Car-maker could be forced to fix more than 600,000 diesel cars due to illegal engine setups that lower emission controls
Daimler in talks with German authorities over diesel issues
Daimler is in discussion with German authorities over potential emissions irregularities in Mercedes-Benz cars, but hasn’t received formal notice from regulators mandating a recall of vehicles.
The maker of Mercedes-Benz cars, which is under investigation in Germany over its diesel emissions practices, could be forced to fix more than 600,000 diesel cars due to illegal engine setups that lower emission controls, Spiegel magazine reported earlier Friday.
“We’re in a continuous exchange with the KBA and cooperate thoroughly with the authority,” the Stuttgart, Germany-based maker of Mercedes-Benz vehicles said Friday in an emailed statement.
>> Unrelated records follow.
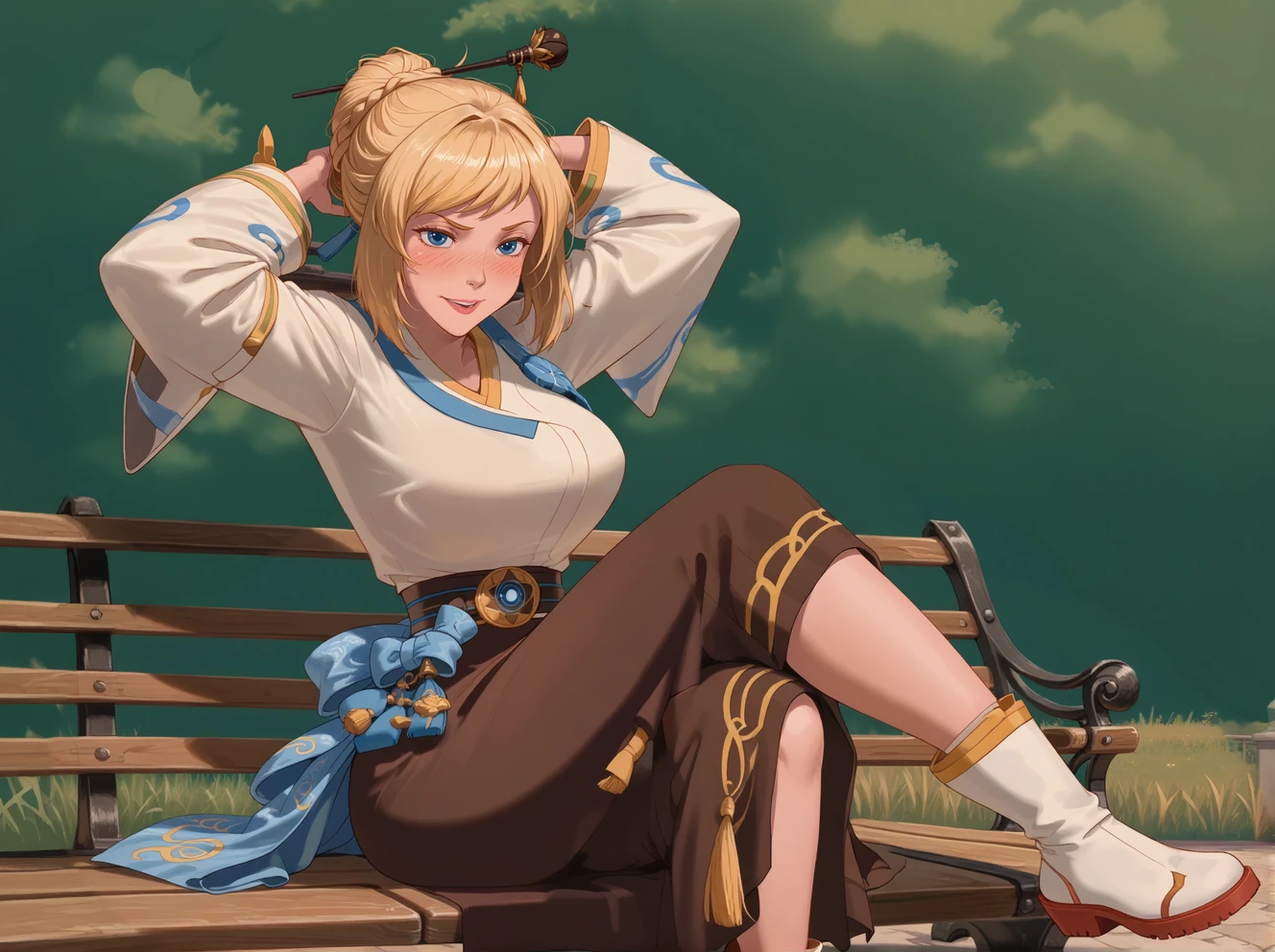 1girl,solo,full-face blush,simple background,naughty face,happy,
BREAK
<lora:dnf-fgunV3:0.7>,DNF-FGUN,blonde hair,short hair,bunbun,blue eyes,hair stick,wide sleeves,japanese clothes,brown  skirt,glowing belt,white boots,
huge large breasts,sitting  on park bench,
arms behind head,leg lift,
<lora:Disney_Style:1.4>,Disney_Style,makeup,half-closed eyes,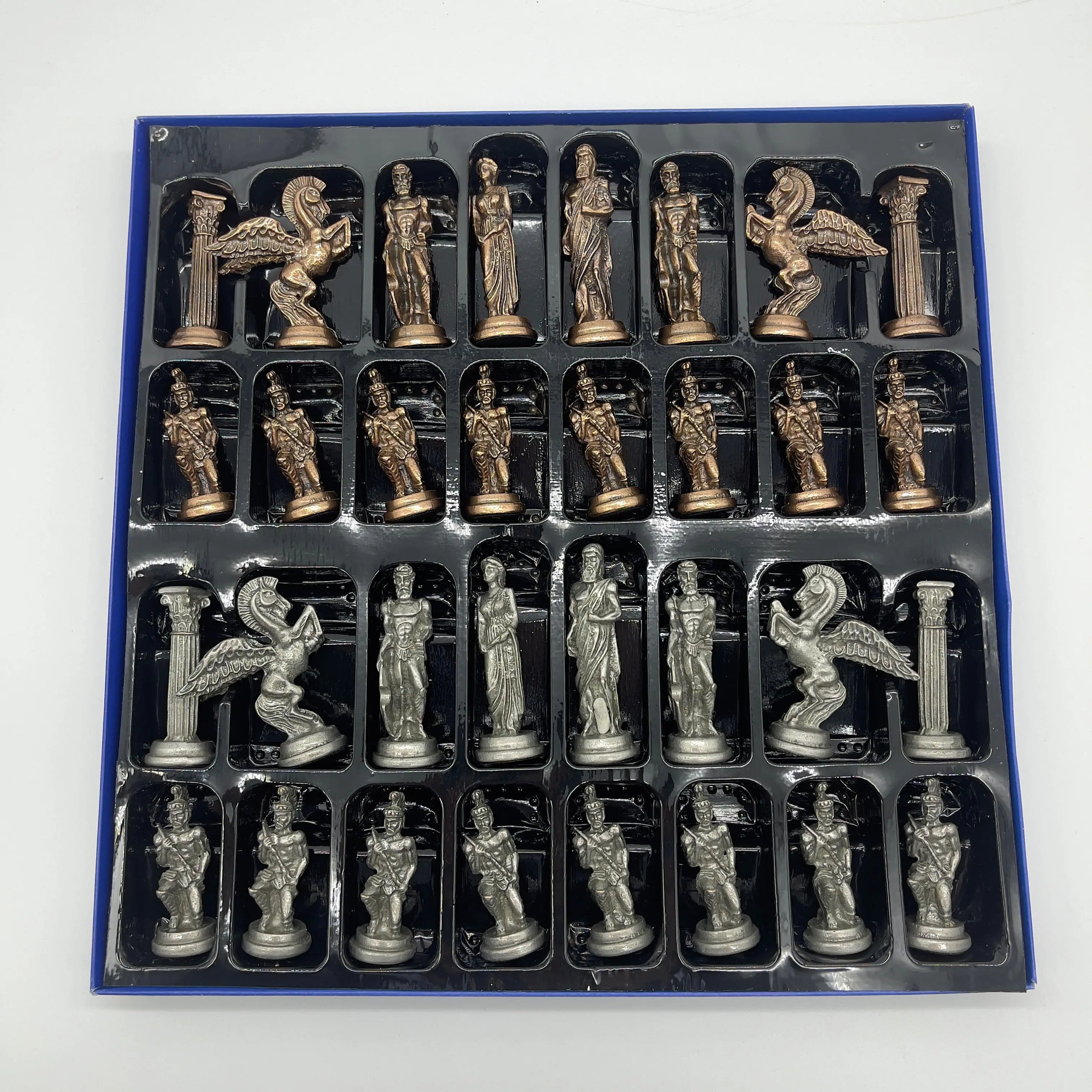 Handmade Metal Pegasus Chess Pieces, Silver-Copper Metal Chess Pieces Set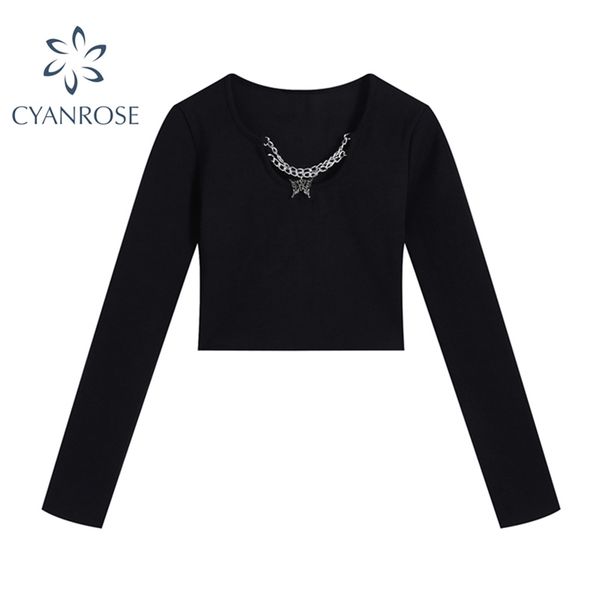 gothic punk chain long sleeve crop bodycon tees or women black fashion skinny t shirt goth party club female 210430, White
gothic punk chain long sleeve crop bodycon tees or women black fashion skinny t shirt goth party club female 210430, White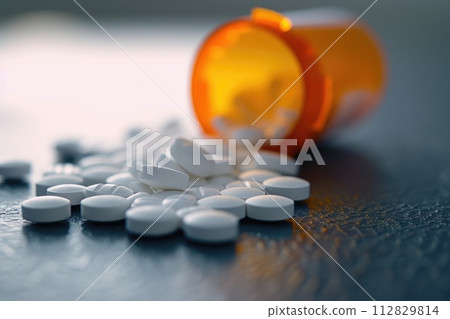 Health essentials: tablets, pills, and medicine providing diverse options for wellness and medical care, pharmaceutical for daily health needs and well-being. 112829814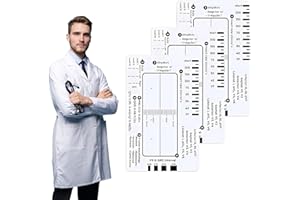 ECG 7 Step Ruler 3 Pcs for EKG Interpretation, Transparent Calipers Measuring Tool, Portable Card for Students, Nurse, EMT's,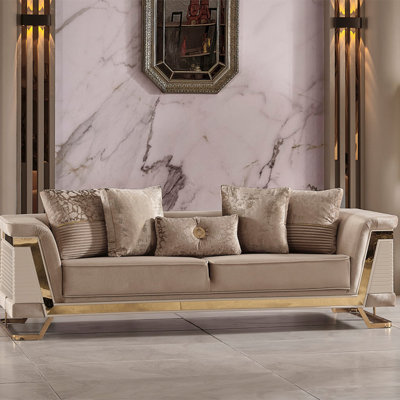 Rixos Sienna Luxe Velvet Sofa With Gold Accents – Elegant Modern Design, Beige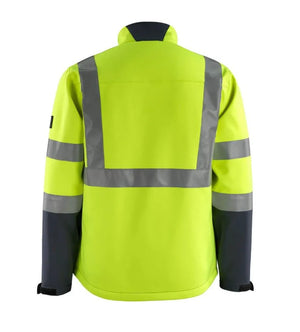 MASCOT Kiama Softshell Jacket - Yellow/Navy, Breathable, Reflective, OEKO-TEX Certified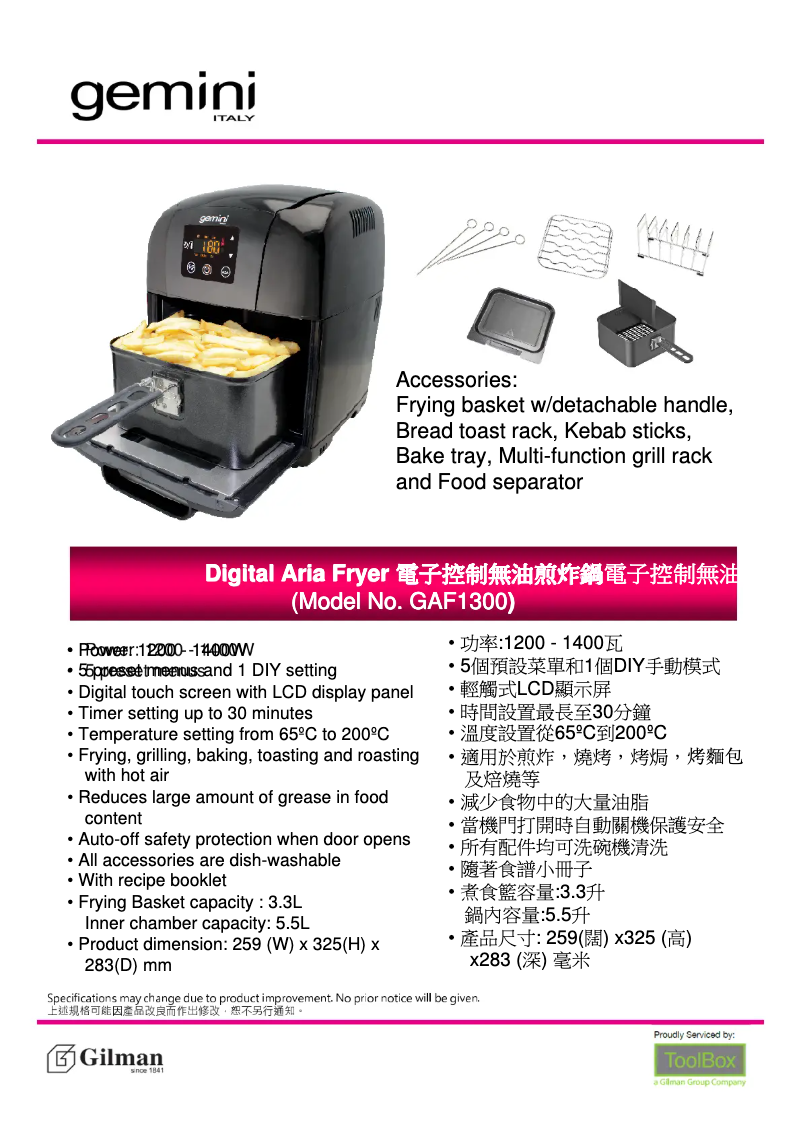 First page image of the manual for GAF1300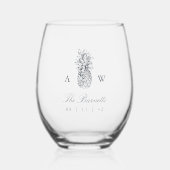 アイランドヴィンテージパイナップル結婚ズモノグラム ステムなしワイングラス (正面)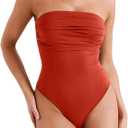 REORIA Women's Sexy Strapless Ruched Bodysuit Tube Top Sleeveless Trendy Body Suits (Medium, Color: Cherry Red
)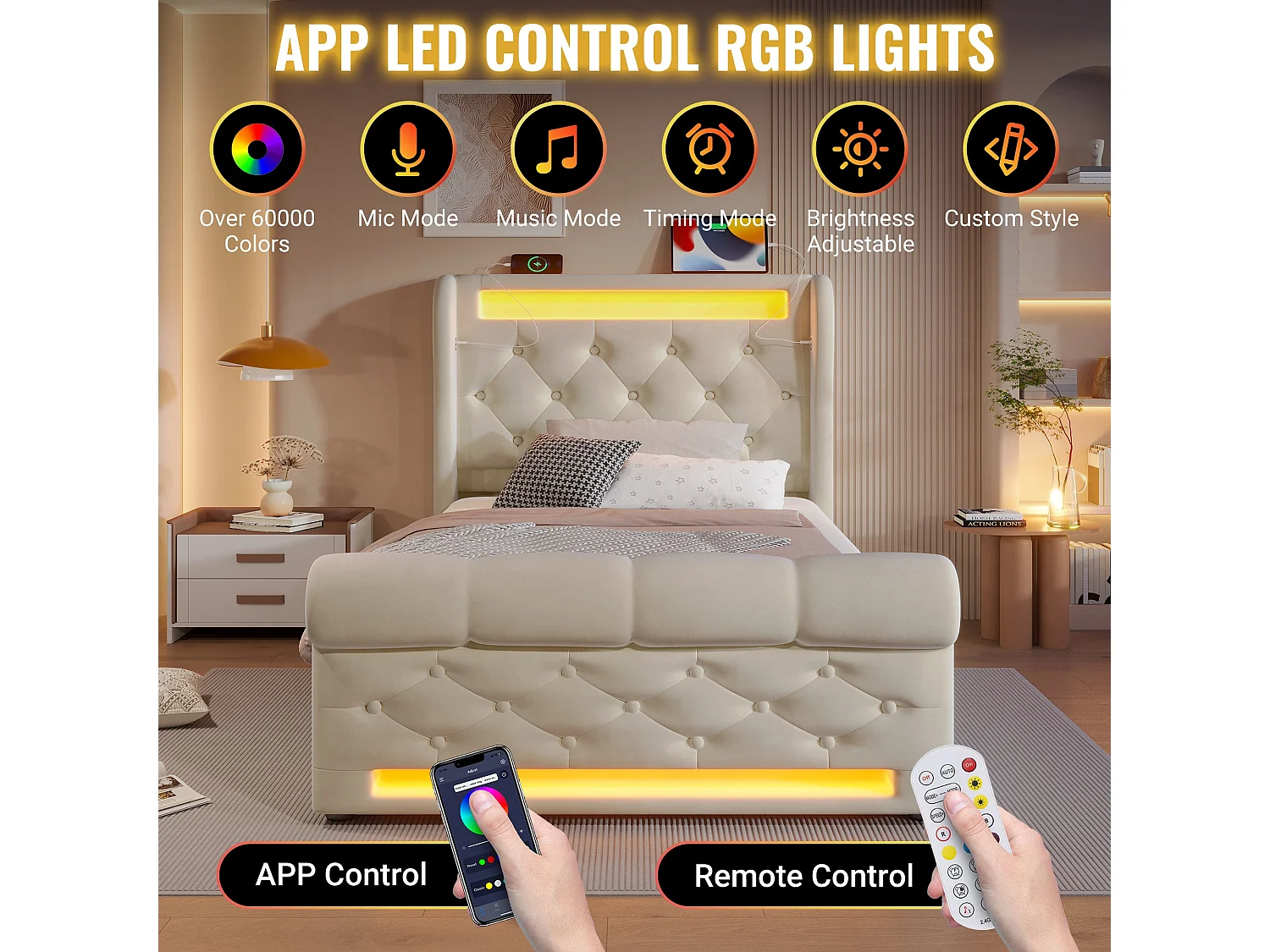 Lit simple capitonné 90x200 cm, velours beige, avec LED, ports USB et Type-C, rangement hydraulique, sans matelas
KBA is the acronym for Germany’s federal motor industry watchdog. The Spiegel report is “speculation,” it said.
Automakers across the globe have come under scrutiny in the wake of Volkswagen AG’s emissions-cheating scandal for as many as 11 million cars, which was uncovered by U.S. authorities in September 2015. Daimler, which is facing an ongoing investigation by German authorities, and other peers have been accused of practices that stretch official rules, resulting in excessive emissions on the road.
Daimler reiterated it was considering legal action against a KBA recall for the Mercedes-Benz Vito van 1.6-liter diesel Euro 6 model. The recall affects some 4,900 vehicles worldwide, including 1,300 in Germany.